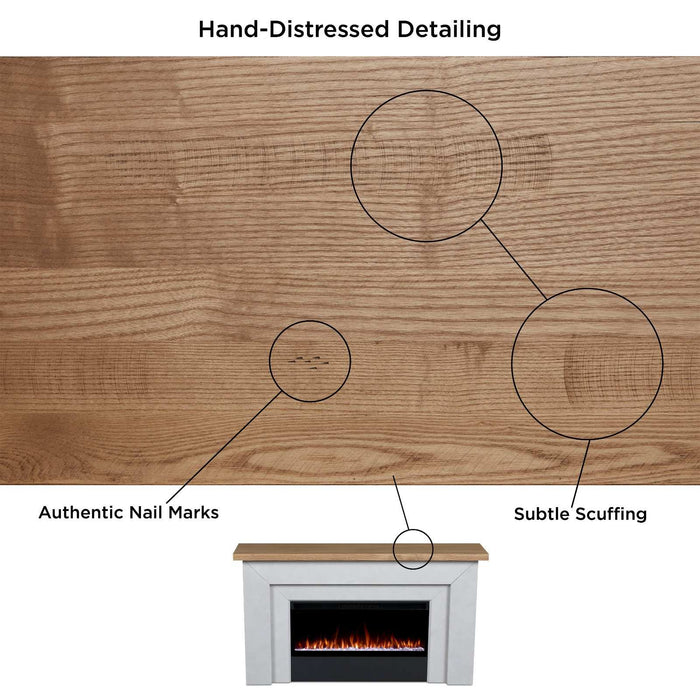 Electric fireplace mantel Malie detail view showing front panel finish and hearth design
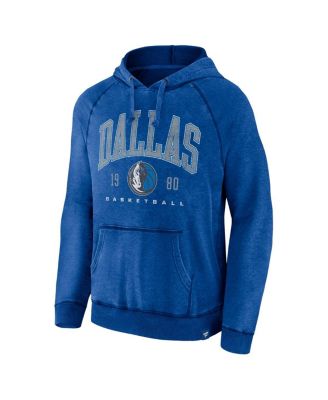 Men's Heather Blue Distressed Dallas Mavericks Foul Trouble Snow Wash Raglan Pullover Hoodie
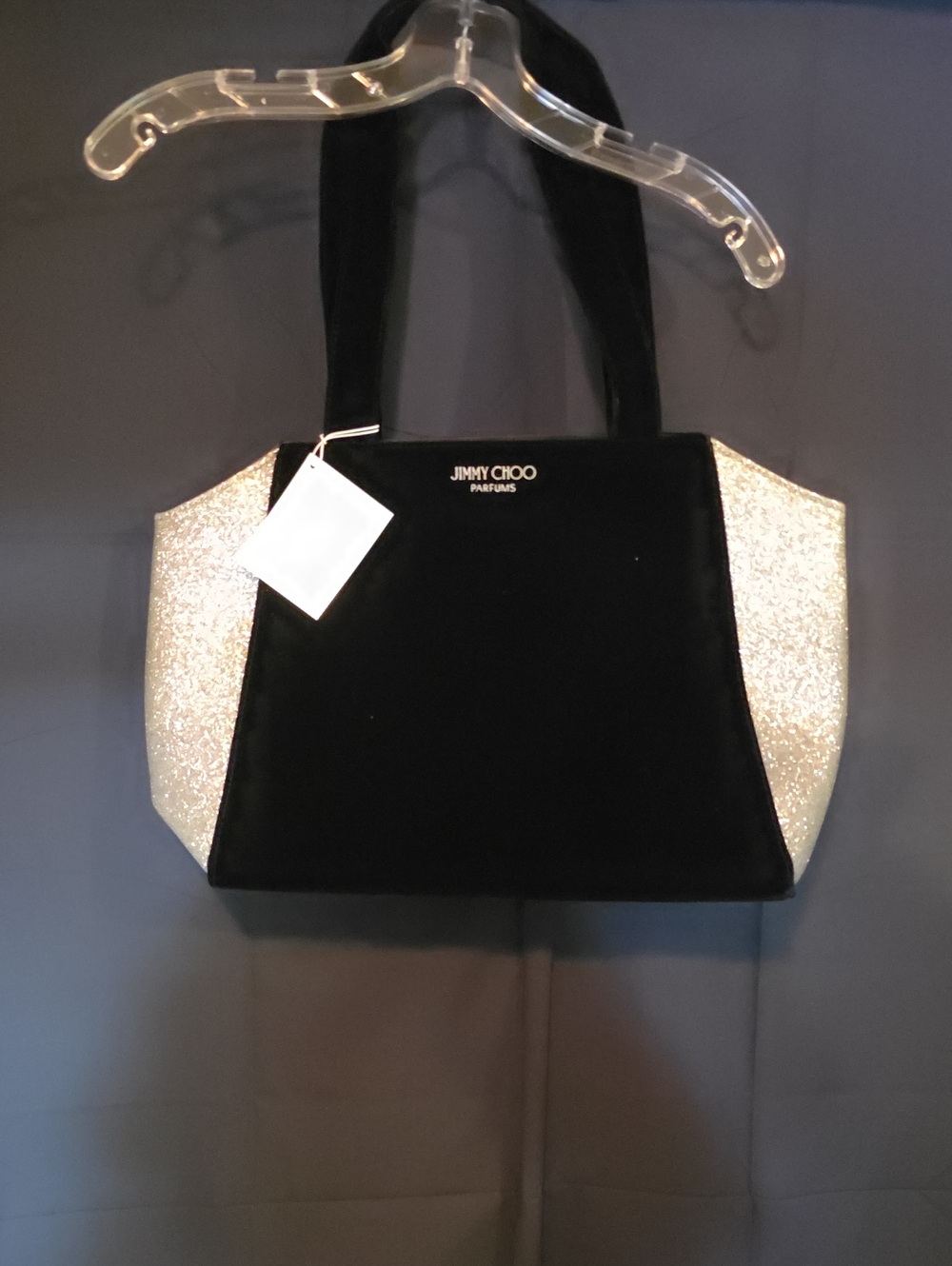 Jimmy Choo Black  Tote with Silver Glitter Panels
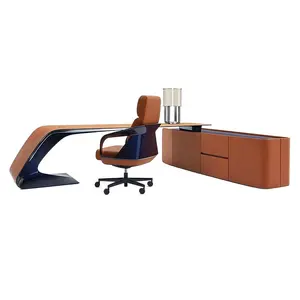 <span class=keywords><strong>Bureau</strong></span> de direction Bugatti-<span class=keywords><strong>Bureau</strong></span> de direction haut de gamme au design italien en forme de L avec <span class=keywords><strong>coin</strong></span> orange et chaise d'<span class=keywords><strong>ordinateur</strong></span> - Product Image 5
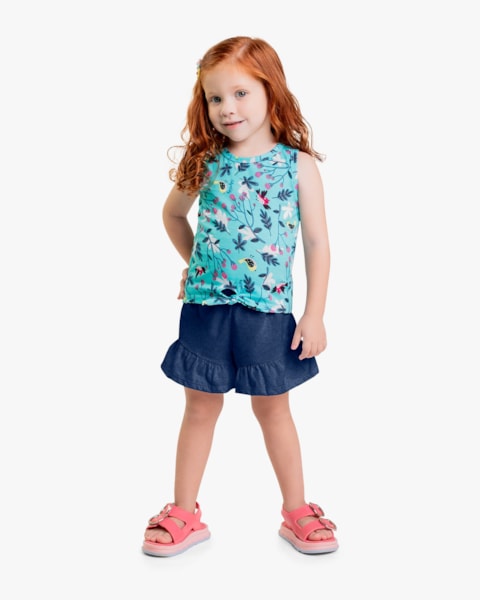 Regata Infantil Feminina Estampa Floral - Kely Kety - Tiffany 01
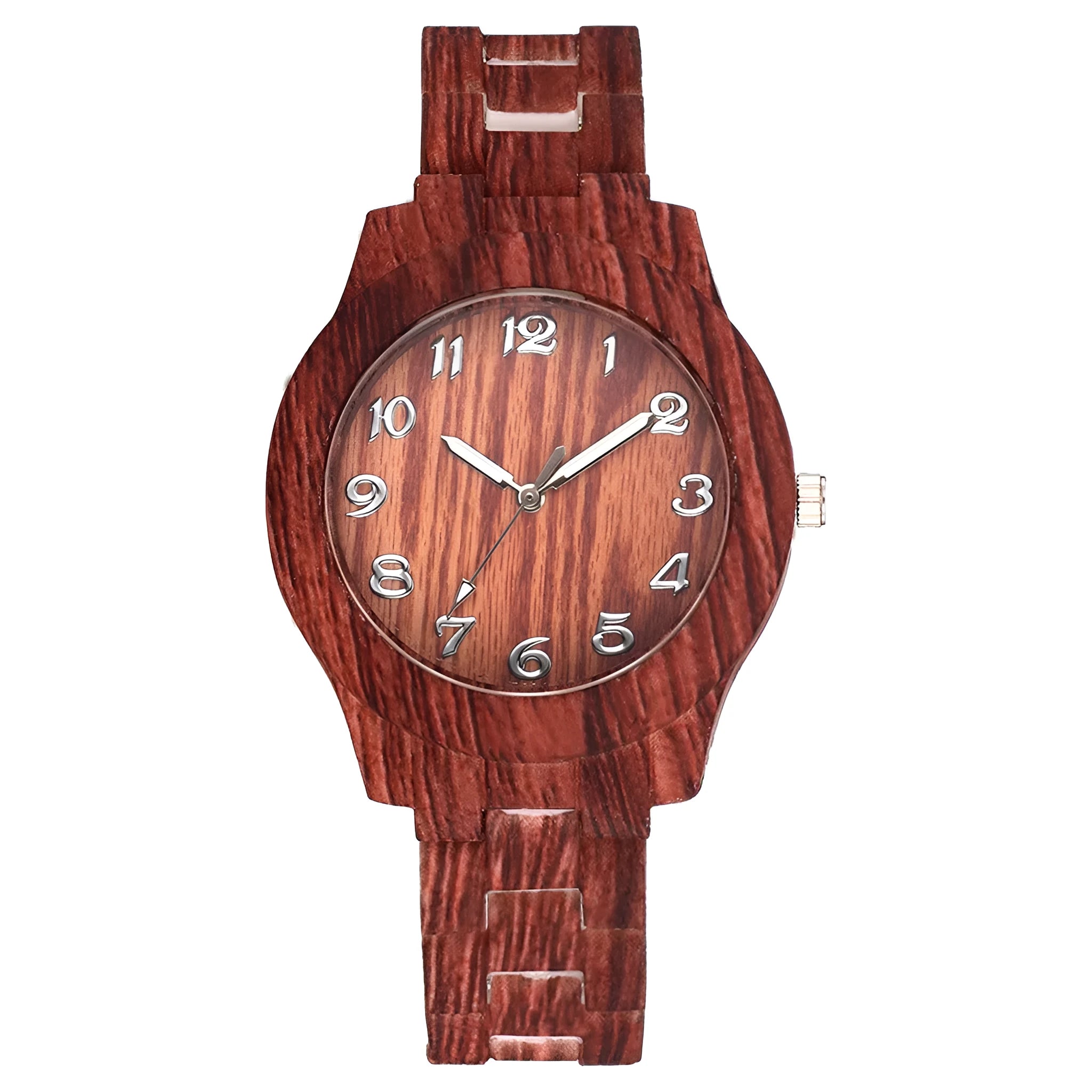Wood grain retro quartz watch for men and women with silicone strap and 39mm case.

...

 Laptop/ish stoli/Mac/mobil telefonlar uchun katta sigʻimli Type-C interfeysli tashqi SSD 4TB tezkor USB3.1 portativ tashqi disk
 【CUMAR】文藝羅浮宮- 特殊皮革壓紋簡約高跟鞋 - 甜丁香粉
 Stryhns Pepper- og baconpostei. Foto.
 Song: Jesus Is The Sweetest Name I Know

§ WHAT THE EXERCISE ASKS
Look above for the line with "Regata Infantil Feminina" and the line with "Wood grain retro", then copy them and all lines in between exactly as written, and only those, without any pictures.

§ SOLUTION TO THE PROBLEM
 Regata Infantil Feminina Estampa Floral - Kely Kety - Tiffany 01
Wood grain retro quartz watch for men and women with silicone strap and 39mm case.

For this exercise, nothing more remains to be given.